Most people never get to this overflow happening, because rain barrels have a drain on them, a drain that will draw off the water into a safe place like a rock bed snuggly buried under the lawn. So for a normal person they have a big reserve and a well flowing drain, they may never completely fill their barrel. But if they do, and it’s not too big of a toxic hit, they might deal with it by just taking a nap while waiting for the drain to lower the water level and the lawn to dry. Before they know it they are as good as new.

So what about someone with MCS? We too have a rain barrel. That barrel does drain. Just like a normal person the barrel will have a certain capacity. But we may have some challenges somewhere in that process, and when these challenges do occur the water spills out on the ground. And when it does spill all too often the grass on the lawn around our barrel has seen too much water over the years and all that is left is dirt. Dirt that when it gets wet creates a muddy mess, a mess we will experience as a MCS reaction. 

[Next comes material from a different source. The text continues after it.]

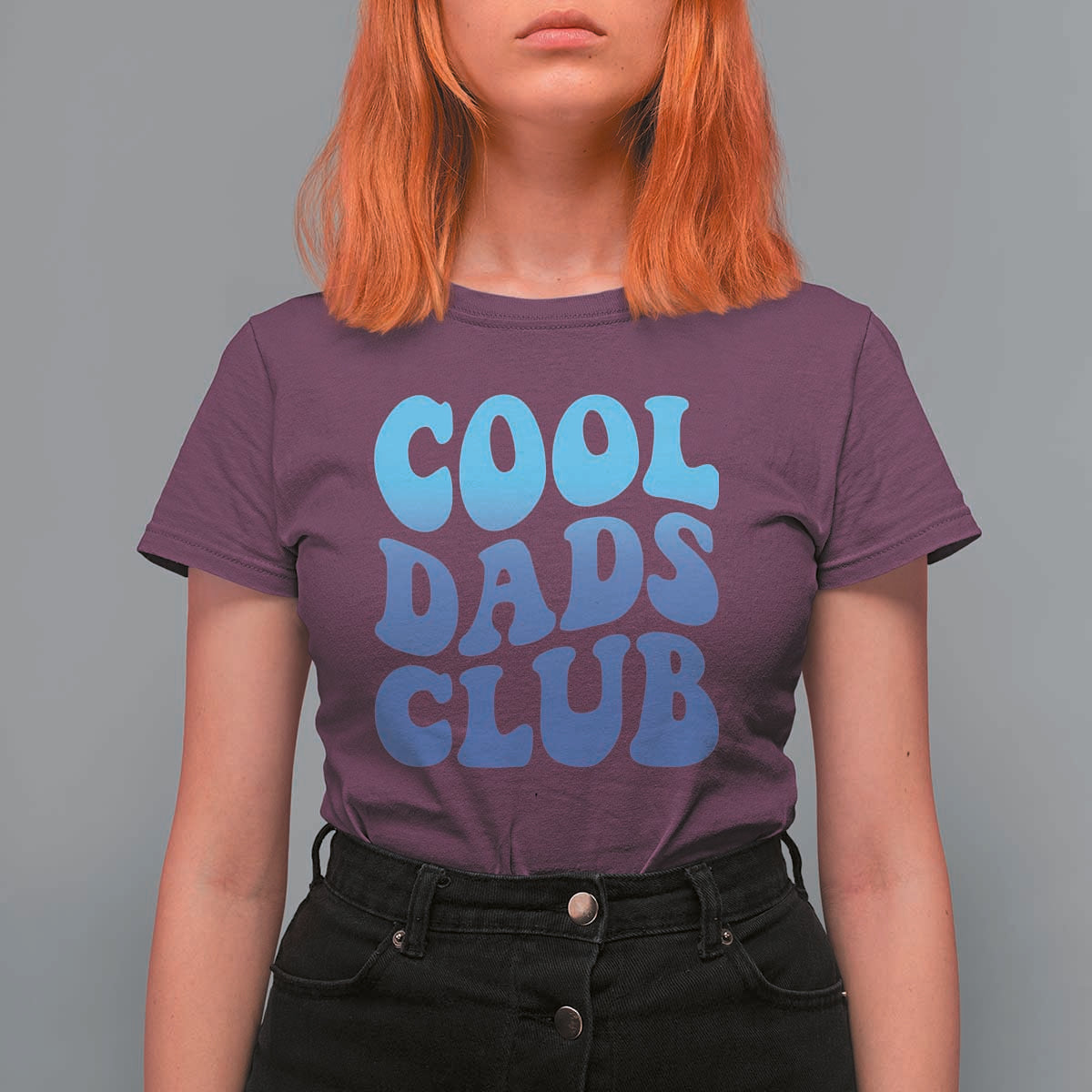 Cool Dads Club Blue Typography T Shirt For Women Fathers Day Gift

But what about the barrel itself? Maybe our barrel has some cracks half way up the side that begin to leak after a certain point, there may be a big rock in the barrel displacing the amount of water it can hold, maybe the drain has some gunk in it plugging it up thus reducing the flow of water out of the barrel, maybe our barrel shrank diminishing its capacity, or perhaps our barrel may be broken all together so that almost any amount of water will flow out. A portion of of us can handle a certain amount of toxicity, some of us once we get a hit can’t easily drain it back out of our systems, others have different levels of reactions with different amounts of exposure, and some of us once any toxicity has entered our systems problems begin almost immediately. In the end each one of our rain barrels will look and function a little differently.

So maybe the question isn’t, “What is MCS?” but rather what is MCS to each of us as individuals? 

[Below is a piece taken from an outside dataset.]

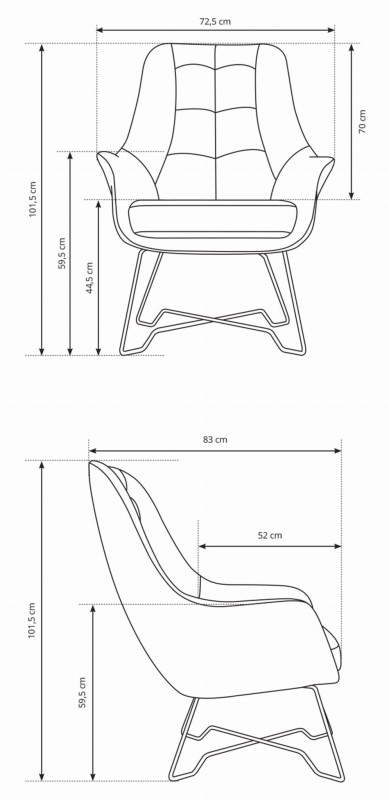 Fotel tapicerowany EZO nowoczesny do salonu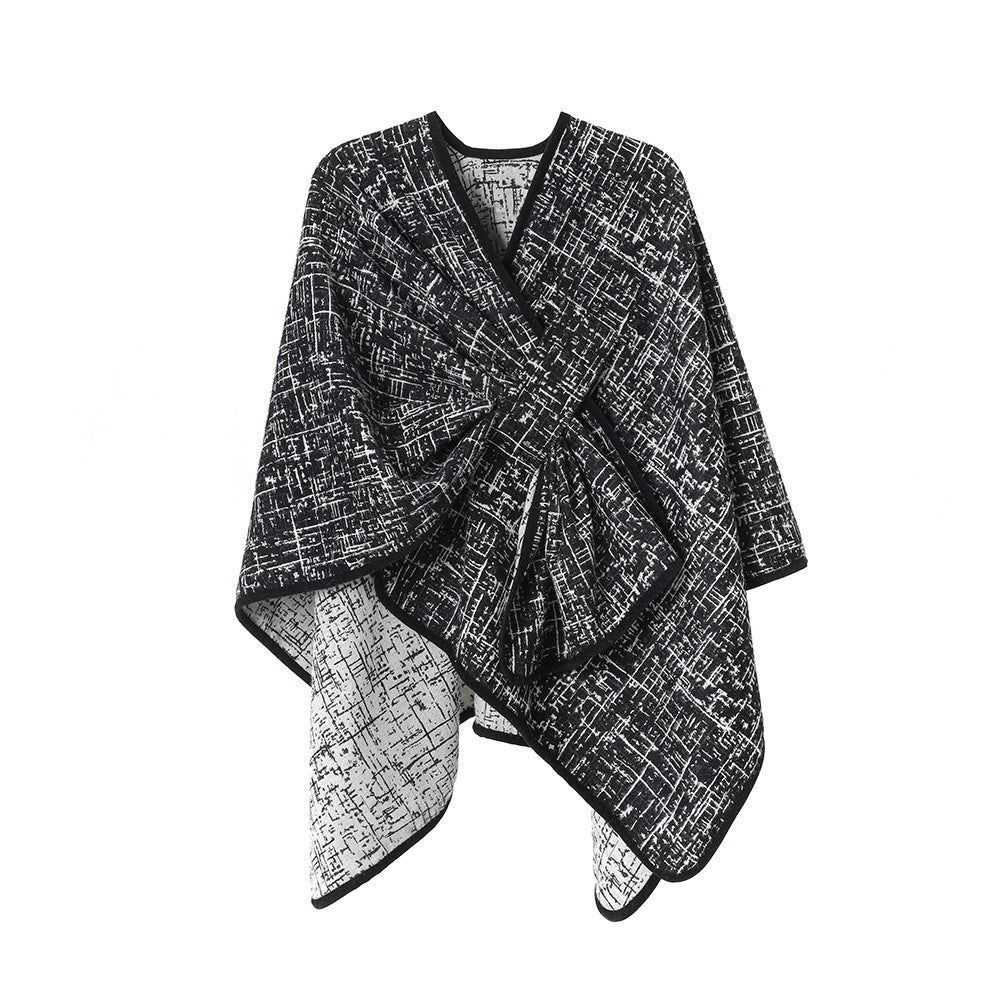 High-grade Plush Jacquard Buckle Shawl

Each of us has a different amount of toxic resistance: our rain barrels all have different sizes and states of repair. Each of us have different reactions once we have been exposed to our chemical set: the area around our barrel may have grass, flowers, rocks or just dirt left after years of repeated overflow. 

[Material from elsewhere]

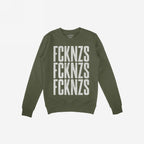 FCKNZS Sweatshirt featuring distressed white text stenciled thrice on olive-green fabric, embodying anti-fascist protest. Crewneck design with a regular fit, ideal for those championing equality and visibility.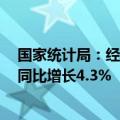 国家统计局：经初步核算，我国2024年二季度金融业GDP同比增长4.3%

So what does your barrel look like? Is it large or small? Does it have rocks or other debris in it reducing its capacity? What state of repair is it in? Where does it leak? How well does the drain work? And what does the terrain around the barrel look like? Once you have this picture firmly in mind then you have a good analogy to what MCS is for you. So, next time someone asks you what MCS is you might find it useful to tell them about your own personal rain barrel and let them know what MCS is for you.

~ Zen Master Sam

P.S. 
If you are someone who at times enjoys a more clinical version of an answer you may enjoy the following:

Six consensus criteria were identified by researchers for the diagnosis and definition of MCS in 1989 (later edited in 1999)

1.Symptoms are reproducible with repeated (chemical) exposures.

2.The condition has persisted for a significant period of time.

3.Low levels of exposure (lower than previously or commonly tolerated) result in manifestations of the syndrome (i.e. increased sensitivity).

4.The symptoms improve or resolve completely when the triggering chemicals are removed.

5.Responses often occur to multiple chemically unrelated substances.

6.Symptoms involve multiple-organ symptoms (runny nose, itchy eyes, headache, scratchy throat, ear ache, scalp pain, mental confusion or sleepiness, palpitations of the heart, upset stomach, nausea and/or diarrhea, abdominal cramping, aching joints).